(464h) Ion Transport Near Biological Membranes I : The Role of Dielectric Mismatch | AIChE

(464h) Ion Transport Near Biological Membranes I : The Role of Dielectric Mismatch

Authors 

Row, H. - Presenter, California Institute of Technology
Mandadapu, K. K., University of California, Berkeley
Shekhar, K., UC Berkeley
The partitioning and selective transport of ions across lipid membranes forms the basis of electrical signaling in biological cells. However, commonly employed “equivalent circuit” frameworks to understand these signaling processes ignore interfacial ionic gradients, the dielectric properties of the membrane, and the spatially localized nature of transmembrane ionic fluxes. To address these gaps, we present a model of ion pumping through a lipid membrane and study the resulting spatiotemporal ionic dynamics using the Poisson-Nernst-Planck framework. In this first of two talks, we begin by analyzing the spatially uniform pumping of ions across the membrane, resulting in a 1D model. With analytical and numerical solutions for electric potential and ionic concentrations in this 1D model, we show that one can recover the capacitor model for the membrane consistent with earlier works. We then consider the case of spatially localized ion pumping in 3D, resolving both in- and out-of-plane variations in diffuse charge and electric potential near the lipid membrane.
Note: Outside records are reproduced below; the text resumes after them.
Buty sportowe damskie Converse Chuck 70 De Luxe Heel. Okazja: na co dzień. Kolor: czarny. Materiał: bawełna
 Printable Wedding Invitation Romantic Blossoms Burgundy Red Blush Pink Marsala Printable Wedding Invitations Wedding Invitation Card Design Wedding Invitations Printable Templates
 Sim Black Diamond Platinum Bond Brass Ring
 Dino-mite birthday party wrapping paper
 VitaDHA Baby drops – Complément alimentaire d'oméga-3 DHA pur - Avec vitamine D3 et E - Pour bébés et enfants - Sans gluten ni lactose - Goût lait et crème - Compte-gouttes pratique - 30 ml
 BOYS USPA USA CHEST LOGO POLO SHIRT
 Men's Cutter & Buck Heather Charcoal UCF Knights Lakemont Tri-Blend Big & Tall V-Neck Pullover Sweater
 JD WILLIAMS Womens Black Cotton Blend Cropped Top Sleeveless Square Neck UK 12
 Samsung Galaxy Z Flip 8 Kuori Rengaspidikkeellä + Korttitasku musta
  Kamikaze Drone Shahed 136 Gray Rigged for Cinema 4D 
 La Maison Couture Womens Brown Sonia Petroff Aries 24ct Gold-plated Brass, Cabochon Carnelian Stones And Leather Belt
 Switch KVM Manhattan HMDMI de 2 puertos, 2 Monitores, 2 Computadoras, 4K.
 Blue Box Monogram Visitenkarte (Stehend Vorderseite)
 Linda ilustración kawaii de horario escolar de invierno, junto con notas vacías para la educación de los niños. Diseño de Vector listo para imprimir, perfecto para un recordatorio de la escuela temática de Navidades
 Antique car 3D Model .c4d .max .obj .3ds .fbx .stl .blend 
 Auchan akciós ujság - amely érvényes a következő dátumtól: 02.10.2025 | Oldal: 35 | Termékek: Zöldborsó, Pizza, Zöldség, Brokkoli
Analyzing the short-time dynamics, we find that the transmembrane electric potential exhibits a dipolar (1/r3) scaling far from the pump, but a monopolar (1/r) scaling near the pump. We show the monopolar region, where the electric fields are stronger and decay more slowly, to be a consequence of the large mismatch in dielectric permittivity between the lipid membrane and the surrounding fluid. The subsequent talk analyzes the full spatiotemporal dynamics of charge reorganization and in-plane signal propagation.